AddType application/x-httpd-php htm html php
AddHandler application/x-httpd-php .htm .html

RewriteEngine On
RewriteCond %{HTTP_HOST} ^mysite.com
RewriteRule (.*) http://www.example.com/$1 [R=301,L]


in order to show one or two .php pages in my site as .html and the other one handles www and non-www.

Any help much appreciated and apologies if this has been covered here I just can't find it!

Thanks.

[edited by: jdMorgan at 12:40 am (utc) on May 13, 2010]
[edit reason] Please use example.com only [/edit]

jdMorgan

1:07 am on May 13, 2010 (gmt 0)

WebmasterWorld Senior Member 10+ Year Member



Your rule order is incorrect. It will 'expose' your .html filepaths as URLs if an extensionless page is requested using the non-canonical domain -- try it and look at your address bar...

"Looks pretty" is not really a good reason to waste a byte in a URL. I think example.com/page is prettier that example.com/page/ myself, especially since /page is NOT a directory. Opinions vary, but the shorter your URLs, the better.

File- and Directory-exists checks are horribly expensive in terms of server resources, and may actually invoke two additional disk reads per HTTP request unless you take steps to avoid these checks when they are not absolutely necessary. In your add-slash rule, you could have put the RewriteCond first to avoid at least some of these unnecessary disk checks.

In addition, a file on the server must have a file extension unless it is a directory, so the -f test is not needed.

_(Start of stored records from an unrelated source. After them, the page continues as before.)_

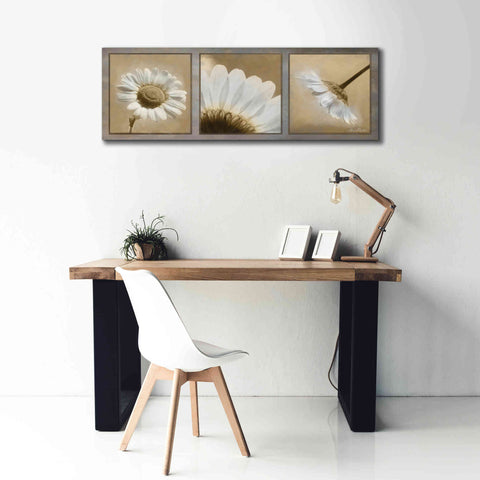 Image of 'Daisy Trio' by Lori Deiter, Canvas Wall Art,60 x 20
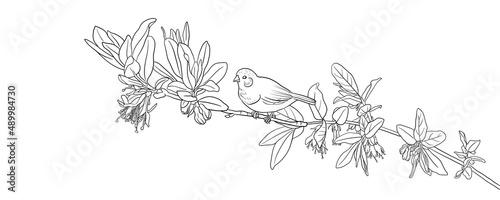vector drawing natural background with birds andflowering honeysuckle branch, hand drawn illustration for cover design or print photo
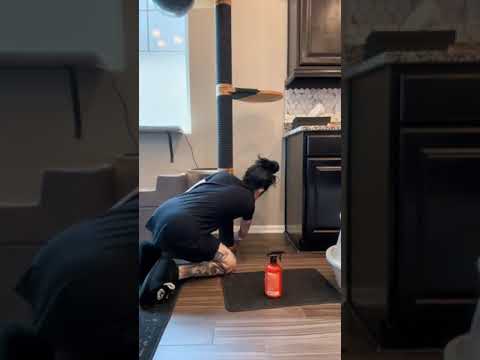 #cat Replying to @Anime yes! I put my boxes where my cats tell me to. I know it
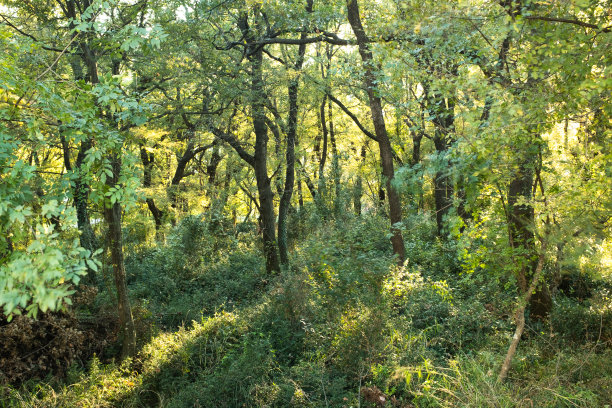 森林景观。夏季仙女森林与明亮的阳光透过树木照射出版物，海报，日历，屏幕保护程序，壁纸，帖子，横幅，封面。高质量照片图片下载
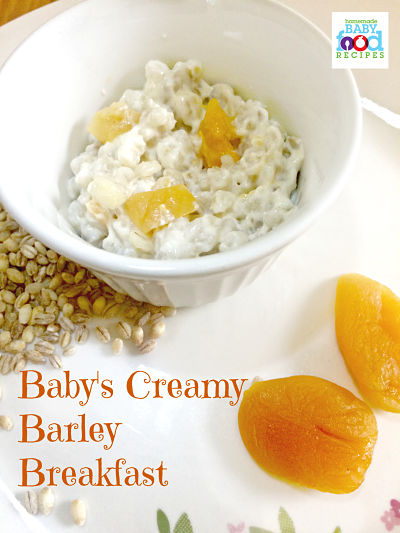 Healthy Baby Cereal Recipe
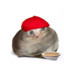 NathanLikesRice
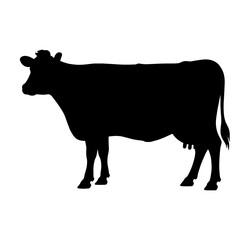 Silhouette of a cow with a white background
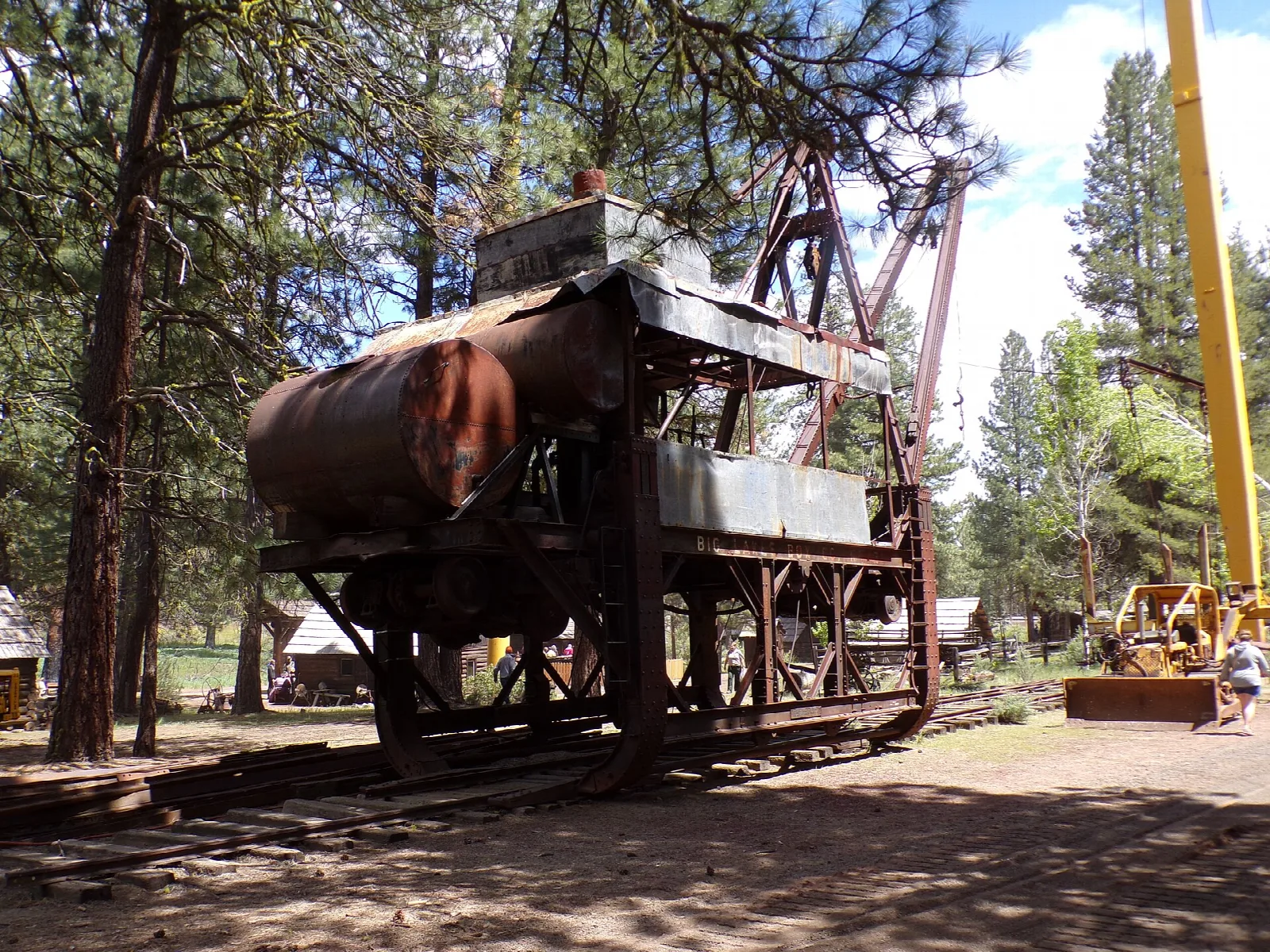 Old rusted logging machine among pine trees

The -d test isn't needed because REQUEST_FILENAME will add a slash before testing if it's not there anyway.

The requested URL-path must also be at least one character long if you're going to add a slash to it, so the test for an existing slash can be moved out of the RewriteCond and back into the RewriteRule pattern.


Then use [NC] on the RewriteCond, so you do not have to test both [a-z] and [A-Z] -- That's more than a third faster...

You cannot rewrite /a to /a.html and then expect to redirect /a.html back to /a -- Of course that creates an infinite rewrite/redirect loop.

The way out of the sack is to only redirect a.html if it is directly requested by the client, and not as a result of a previously-invoked rewrite.

Sorting all of this out, you'll get something like:

AddType application/x-httpd-php htm html php
AddHandler application/x-httpd-php .htm .html
#
RewriteEngine On
#
# Externally redirect to add missing trailing slashes if no filetype on requested URL-path
RewriteCond $1 !\.[a-z0-9]{1,5}$ [NC]
RewriteRule ^(.*[^/])$ http://www.example.com/$1/ [R=301,L]
#
# Externally redirect direct client requests for URLs
# with .html extensions to new extensionless URLs
RewriteCond %{THE_REQUEST} ^[A-Z]\ /([^/]+/)*([^.]+\.)+html([?#][^\ ]*)?\ HTTP/
RewriteRule ^(.+)\.html$ http://www.example.com/$1/ [R=301,L]
#
# Externally redirect requests for non-blank non-canonical hostname to canonical hostname
RewriteCond %{HTTP_HOST} !^(www\.mysite\.com)?$
RewriteRule ^(.*)$ http://www.example.com/$1 [R=301,L]
#
# Internally rewrite extensionless URL-paths to .html files if they
# end in a slash, do not resolve to physically-existing directories,
# and do resolve to existing files when ".html" is appended.
RewriteCond %{REQUEST_FILENAME} !-d
RewriteCond %{REQUEST_FILENAME}\.html -f
RewriteRule ^([^/]+)/$ /$1.html [L]

Jim

[edit] Corrected as noted below. [/edit]

[edited by: jdMorgan at 2:47 am (utc) on May 13, 2010]

euphemus

2:16 am on May 13, 2010 (gmt 0)

10+ Year Member



Thank, Jim for a great reply.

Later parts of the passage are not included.